LATER sunsets and cooler mornings are signs of the coming winter and its expected changes to our driving conditions. Here are tips on how to adjust your driving to best handle these changes.
- On misty mornings, remember to not switch your bright lights on as the beams scatter and reflect back at you off the mist. Use the low beams or fog lights. Follow at longer distances.
- On very cold mornings be prepared for frost. This will make the roads more slippery and calls for wider following distances, gentler braking and going around corners more carefully.
- Areas in South Africa which experience very low temperatures might have ice on the roads. Drive carefully through areas likely to be affected by ice, like under bridges. Also learn how to steer out of a skid if it should happen.
- As dawn breaks later and dusk sets sooner, you can expect to drive more in changing light or evening darkness. If you do not already automatically switch your headlights on as soon as you get in the car, take care to do so now.
- Avoid the glare shining into your eyes by changing your usual driving routes. Glare can blind you up to five seconds – more if you are older or driving at night.

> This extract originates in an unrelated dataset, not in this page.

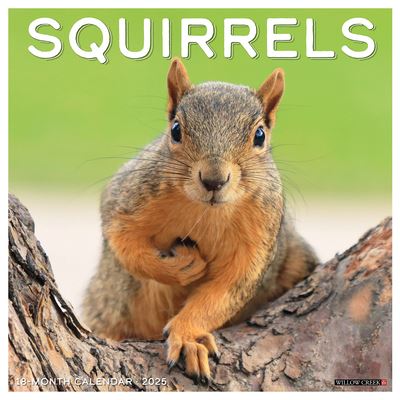 Cover for Willow Creek Press · Squirrels 2025 12 X 12 Wall Calendar (Calendar) (2024)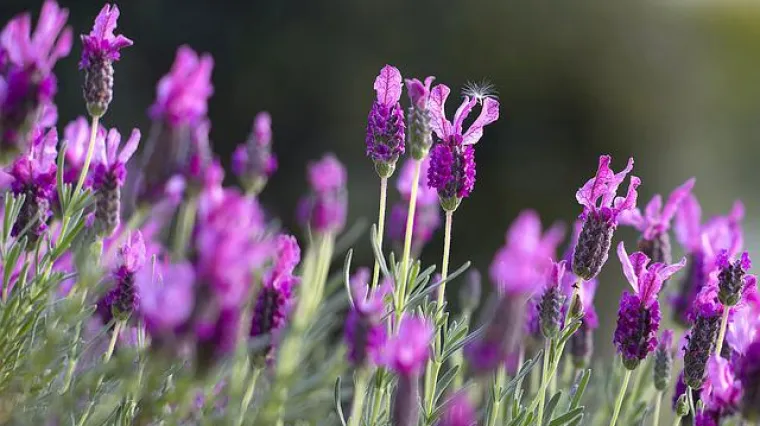 Kako presaditi lavandu? Kada je najbolje vrijeme za presađivanje lavande?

Leave earlier in the mornings or take alternate routes where and when the glare is not as bad.
A pair of quality sunglasses, tinted or polarised, will also reduce the glare.
Keeping your windscreen clean stops glare from obscuring your eyesight.
You can also avoid glare by raising your seat position higher up.
Lower your visor before you leave so you are not blinded suddenly as you turn a corner.
- Do NOT use high-gloss vinyl cleaners on your dashboard.
Avoid the cost and even tragedy that can happen if you do not adjust for the change of seasons. It only takes a few changes to be ready and it can save you plenty.